Data:
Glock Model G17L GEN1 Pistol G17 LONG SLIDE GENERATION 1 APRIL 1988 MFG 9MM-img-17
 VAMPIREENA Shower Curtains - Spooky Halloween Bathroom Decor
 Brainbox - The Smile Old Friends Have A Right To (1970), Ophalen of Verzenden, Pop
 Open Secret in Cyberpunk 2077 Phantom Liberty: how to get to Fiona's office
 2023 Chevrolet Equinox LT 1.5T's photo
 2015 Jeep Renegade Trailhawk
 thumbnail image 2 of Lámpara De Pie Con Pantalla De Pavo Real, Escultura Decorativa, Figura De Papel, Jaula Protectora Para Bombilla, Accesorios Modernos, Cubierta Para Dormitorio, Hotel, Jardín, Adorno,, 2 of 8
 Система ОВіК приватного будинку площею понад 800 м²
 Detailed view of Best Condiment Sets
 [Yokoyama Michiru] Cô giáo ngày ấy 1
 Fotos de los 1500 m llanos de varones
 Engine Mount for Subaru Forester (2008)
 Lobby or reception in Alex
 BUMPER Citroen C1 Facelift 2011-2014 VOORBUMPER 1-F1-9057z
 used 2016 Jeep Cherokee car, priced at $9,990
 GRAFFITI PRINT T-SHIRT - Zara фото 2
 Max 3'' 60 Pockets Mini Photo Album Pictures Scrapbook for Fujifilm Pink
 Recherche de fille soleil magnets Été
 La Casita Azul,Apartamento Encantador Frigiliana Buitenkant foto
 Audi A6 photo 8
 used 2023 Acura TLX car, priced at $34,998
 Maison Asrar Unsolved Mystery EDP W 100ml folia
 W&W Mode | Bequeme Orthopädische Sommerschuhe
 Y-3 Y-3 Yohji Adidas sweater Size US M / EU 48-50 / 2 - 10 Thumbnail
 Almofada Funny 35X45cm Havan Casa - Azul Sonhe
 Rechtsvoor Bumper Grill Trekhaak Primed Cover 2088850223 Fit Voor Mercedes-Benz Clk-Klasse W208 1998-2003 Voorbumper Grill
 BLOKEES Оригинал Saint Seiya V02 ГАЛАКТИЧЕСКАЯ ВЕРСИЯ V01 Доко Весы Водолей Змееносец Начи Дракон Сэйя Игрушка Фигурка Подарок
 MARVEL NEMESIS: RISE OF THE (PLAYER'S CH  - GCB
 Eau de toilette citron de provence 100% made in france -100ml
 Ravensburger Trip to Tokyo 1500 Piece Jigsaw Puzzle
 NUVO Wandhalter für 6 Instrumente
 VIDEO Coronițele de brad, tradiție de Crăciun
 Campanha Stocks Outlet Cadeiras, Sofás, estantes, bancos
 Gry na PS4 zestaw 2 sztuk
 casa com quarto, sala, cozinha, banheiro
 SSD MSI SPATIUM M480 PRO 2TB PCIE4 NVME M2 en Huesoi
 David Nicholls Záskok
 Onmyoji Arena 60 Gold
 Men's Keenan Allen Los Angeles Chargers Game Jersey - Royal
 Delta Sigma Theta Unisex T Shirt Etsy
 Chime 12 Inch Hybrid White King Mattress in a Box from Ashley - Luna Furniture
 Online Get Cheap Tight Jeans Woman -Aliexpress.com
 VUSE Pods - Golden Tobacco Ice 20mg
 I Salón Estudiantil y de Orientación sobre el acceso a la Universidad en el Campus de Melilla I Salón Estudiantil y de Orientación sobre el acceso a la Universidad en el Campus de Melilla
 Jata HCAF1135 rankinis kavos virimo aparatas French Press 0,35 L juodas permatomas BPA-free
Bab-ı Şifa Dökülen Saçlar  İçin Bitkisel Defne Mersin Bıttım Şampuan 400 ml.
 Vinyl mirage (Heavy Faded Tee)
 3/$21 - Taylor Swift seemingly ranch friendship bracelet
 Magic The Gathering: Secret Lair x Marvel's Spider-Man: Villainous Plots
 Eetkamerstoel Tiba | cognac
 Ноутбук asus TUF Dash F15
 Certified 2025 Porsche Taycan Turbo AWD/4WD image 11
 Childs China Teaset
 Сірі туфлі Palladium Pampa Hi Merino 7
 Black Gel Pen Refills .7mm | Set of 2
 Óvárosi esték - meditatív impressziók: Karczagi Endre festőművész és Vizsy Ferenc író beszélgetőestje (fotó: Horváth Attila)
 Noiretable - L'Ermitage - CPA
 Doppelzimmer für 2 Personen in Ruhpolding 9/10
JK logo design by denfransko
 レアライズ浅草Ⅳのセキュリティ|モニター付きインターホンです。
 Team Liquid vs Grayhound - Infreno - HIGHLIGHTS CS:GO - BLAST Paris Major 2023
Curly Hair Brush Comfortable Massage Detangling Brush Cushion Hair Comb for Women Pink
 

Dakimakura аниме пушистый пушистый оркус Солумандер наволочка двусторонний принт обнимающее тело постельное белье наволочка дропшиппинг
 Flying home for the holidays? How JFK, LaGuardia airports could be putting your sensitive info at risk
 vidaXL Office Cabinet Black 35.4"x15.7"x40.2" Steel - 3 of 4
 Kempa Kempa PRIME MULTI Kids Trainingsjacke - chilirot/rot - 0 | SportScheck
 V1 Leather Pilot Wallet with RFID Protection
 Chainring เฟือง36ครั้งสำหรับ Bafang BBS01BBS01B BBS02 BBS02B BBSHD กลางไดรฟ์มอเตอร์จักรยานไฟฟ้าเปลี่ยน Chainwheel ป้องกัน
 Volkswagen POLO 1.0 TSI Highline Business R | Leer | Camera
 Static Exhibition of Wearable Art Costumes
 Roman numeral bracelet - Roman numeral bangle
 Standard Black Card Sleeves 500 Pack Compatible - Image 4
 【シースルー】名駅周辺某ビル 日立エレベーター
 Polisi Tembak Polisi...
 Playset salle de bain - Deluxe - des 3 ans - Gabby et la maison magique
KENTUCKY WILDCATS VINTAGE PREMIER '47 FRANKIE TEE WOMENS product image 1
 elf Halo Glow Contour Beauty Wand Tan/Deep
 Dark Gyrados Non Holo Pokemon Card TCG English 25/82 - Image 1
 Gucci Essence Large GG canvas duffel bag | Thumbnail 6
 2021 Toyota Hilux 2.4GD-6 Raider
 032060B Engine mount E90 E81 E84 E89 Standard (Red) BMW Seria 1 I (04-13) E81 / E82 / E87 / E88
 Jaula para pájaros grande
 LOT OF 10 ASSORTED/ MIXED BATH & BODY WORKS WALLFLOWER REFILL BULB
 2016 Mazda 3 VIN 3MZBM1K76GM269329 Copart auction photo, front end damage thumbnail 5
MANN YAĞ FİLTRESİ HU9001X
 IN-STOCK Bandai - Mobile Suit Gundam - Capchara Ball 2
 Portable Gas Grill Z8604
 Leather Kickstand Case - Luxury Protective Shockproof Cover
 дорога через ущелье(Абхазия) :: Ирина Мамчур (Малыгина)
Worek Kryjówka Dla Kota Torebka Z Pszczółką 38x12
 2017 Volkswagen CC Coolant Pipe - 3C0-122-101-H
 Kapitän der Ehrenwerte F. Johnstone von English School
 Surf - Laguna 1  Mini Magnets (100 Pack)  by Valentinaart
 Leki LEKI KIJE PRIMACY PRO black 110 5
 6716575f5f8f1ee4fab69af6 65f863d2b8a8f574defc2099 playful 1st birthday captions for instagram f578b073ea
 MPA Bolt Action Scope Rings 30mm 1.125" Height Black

Task directions: Taking the entries above, print exactly the lines starting at the line with "Max 3'' 60 Pockets" and ending at the line with "Rechtsvoor Bumper Grill", both included.

Result for this task:
 Max 3'' 60 Pockets Mini Photo Album Pictures Scrapbook for Fujifilm Pink
 Recherche de fille soleil magnets Été
 La Casita Azul,Apartamento Encantador Frigiliana Buitenkant foto
 Audi A6 photo 8
 used 2023 Acura TLX car, priced at $34,998
 Maison Asrar Unsolved Mystery EDP W 100ml folia
 W&W Mode | Bequeme Orthopädische Sommerschuhe
 Y-3 Y-3 Yohji Adidas sweater Size US M / EU 48-50 / 2 - 10 Thumbnail
 Almofada Funny 35X45cm Havan Casa - Azul Sonhe
 Rechtsvoor Bumper Grill Trekhaak Primed Cover 2088850223 Fit Voor Mercedes-Benz Clk-Klasse W208 1998-2003 Voorbumper Grill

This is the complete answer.